16 Consequently, on 14 February 2013 – 10 days after Coeclerici had requested it to do so - the tribunal made its award. Without referring to the argument about the implied term, the tribunal determined that Coeclerici was entitled to rely on cl 4 of the Payment Agreement and to the relief specified in the agreement. It directed the applicants to pay the sums due under the Agreement. I should point out that at all relevant times the applicants have accepted that they are indebted to Coeclerici for the residue of the USD10,000,000.
17 In refusing to set aside the award HH Judge Mackie QC (in a passage adopted by the primary judge in his reasons) said (at [36]):
The very able and courteous submissions of their Counsel should not be allowed to disguise the fact that the [applicants] have repeatedly, deplorably and without justification failed to pay money which is plainly due to [Coeclerici].

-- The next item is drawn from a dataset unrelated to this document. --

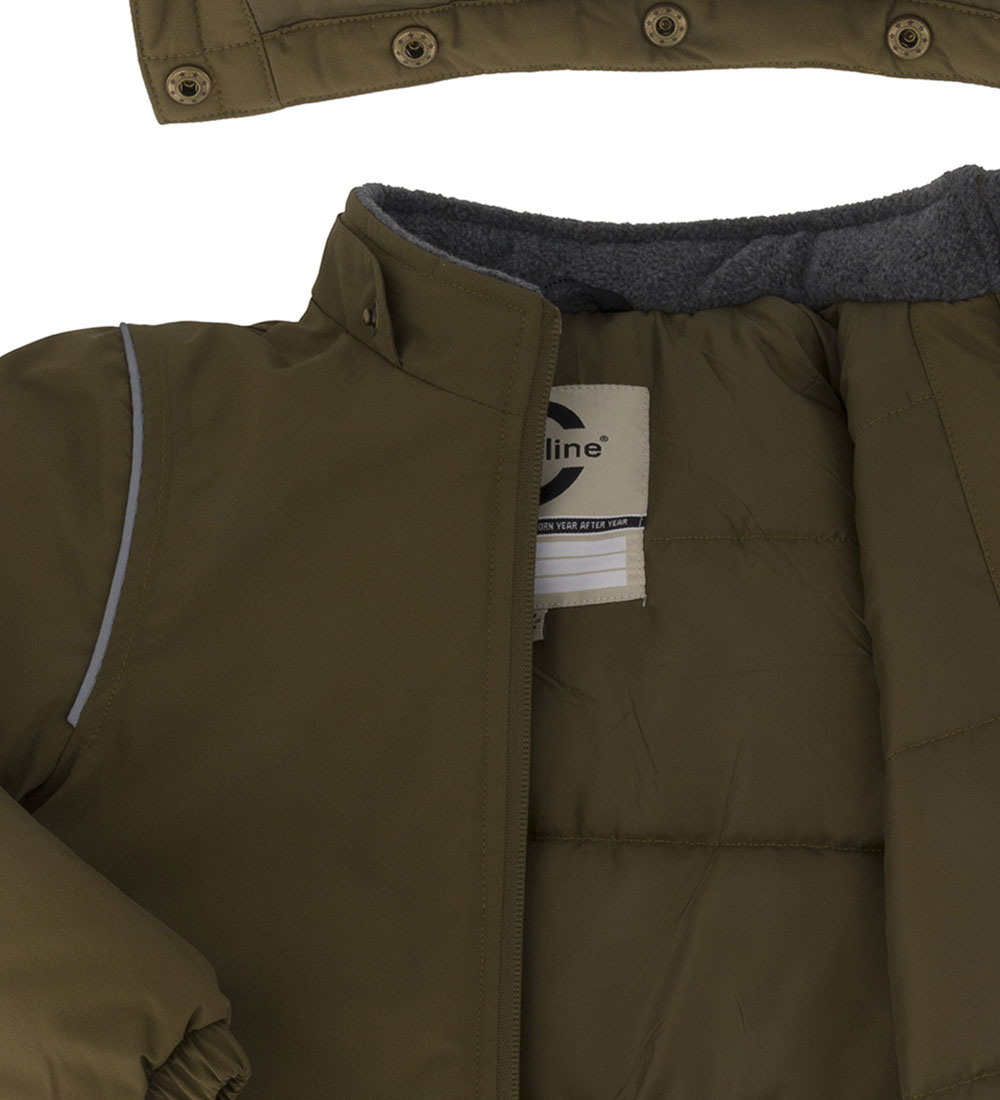 Mikk-Line Winter Coat - Recycled - Beech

18 In an affidavit filed in the enforcement proceeding Mr Jagatramka referred to the Indian Exchange Regulation (reg 16), which provides that where an exporter receives advance payment from a buyer outside India and the exporter is unable to make the shipment within a year of receipt of the payment “no remittance towards refund of unutilised portion of advance payment or towards payment of interest, shall be made after the expiry of the said period of one year, without the prior approval of the Reserve Bank”. He stated that Gujarat had sought that approval and he expected that, upon its receipt, the company would be in a position to “make payment to Coeclerici”. It seems that the first request was made in October 2012 but it was not until 10 July 2013 that an answer was forthcoming.

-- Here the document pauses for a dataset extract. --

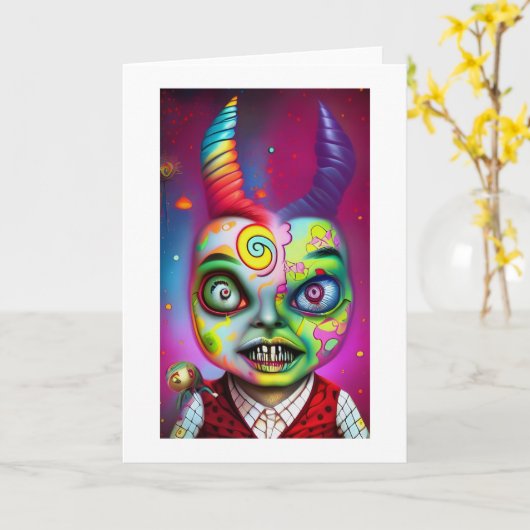 The Devil Ricaso Nightmare Series Karte (Gelbe Blume)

19 On 10 July 2013 the Reserve Bank of India wrote:
We accord our approval for refund of balance amount of USD 8 million and liquidated damages of USD 0.75 million in lots depending on the cash flow, on or before October 31, 2013 by the captioned exporter to M/s Coeclerici Asia (Pte) Ltd, Singapore.

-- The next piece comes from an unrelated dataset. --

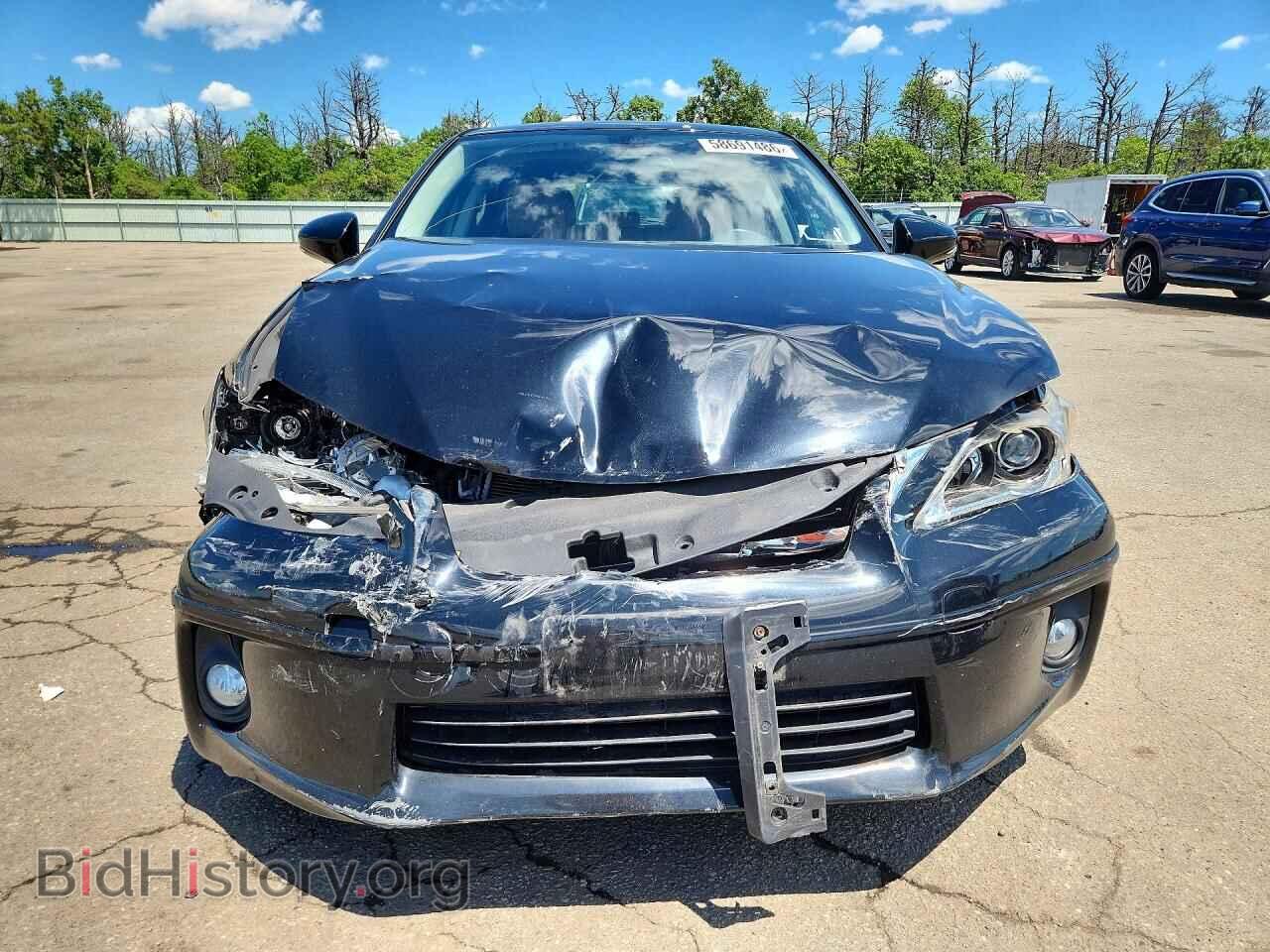 2011 LEXUS CT 200 - VIN: JTHKD5BH6B2010339 - Фото 5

20 Since the date of this letter and after the primary judge had pronounced his final orders, the applicants paid a desultory USD200,000. The current amount owing under the judgment (costs of the enforcement proceedings aside) is USD8,604,336.42 and the costs of the English proceedings (including interest) of GBP12,232.85 together with interest, which has been running since 21 August 2013.
Legal principles
21 The Court’s power to grant a stay pending the hearing and determination of an appeal derives from s 29 of the Federal Court of Australia Act (Cth). The principles governing the exercise of the Court’s discretion are uncontroversial. They may be summarised as follows:
(1) The starting point is that the successful party is entitled to the fruits of the judgment;
(2) The onus is on the applicant to demonstrate a proper basis for a stay that will be fair to all parties; it is not enough to simply file a notice of appeal;
(3) The applicant need not establish special or exceptional circumstances;
(4) The Court must weigh all relevant considerations, including the competing rights of the parties and the balance of convenience;
(5) The Court will not generally speculate about the applicant’s prospects of success in the appeal but may make a preliminary assessment as to whether there is an arguable case on the appeal and the strength of the parties’ respective cases will be relevant;
(6) Where there is a risk that the applicant will dispose of assets if a stay is granted, a stay may be refused; and
(7) Where there is a risk that absent a stay the appeal will be rendered nugatory, that will weigh heavily in the applicant’s favour. An appeal will be rendered nugatory where there is a real prospect that a successful appellant will not be able to be restored to its former position if the judgment against it is executed or where there is no reasonable prospect of recovering moneys paid pursuant to the judgment: Federal Commissioner of Taxation v Myer Emporium Ltd (1986) 160 CLR 220 at 222-3 per Dawson J.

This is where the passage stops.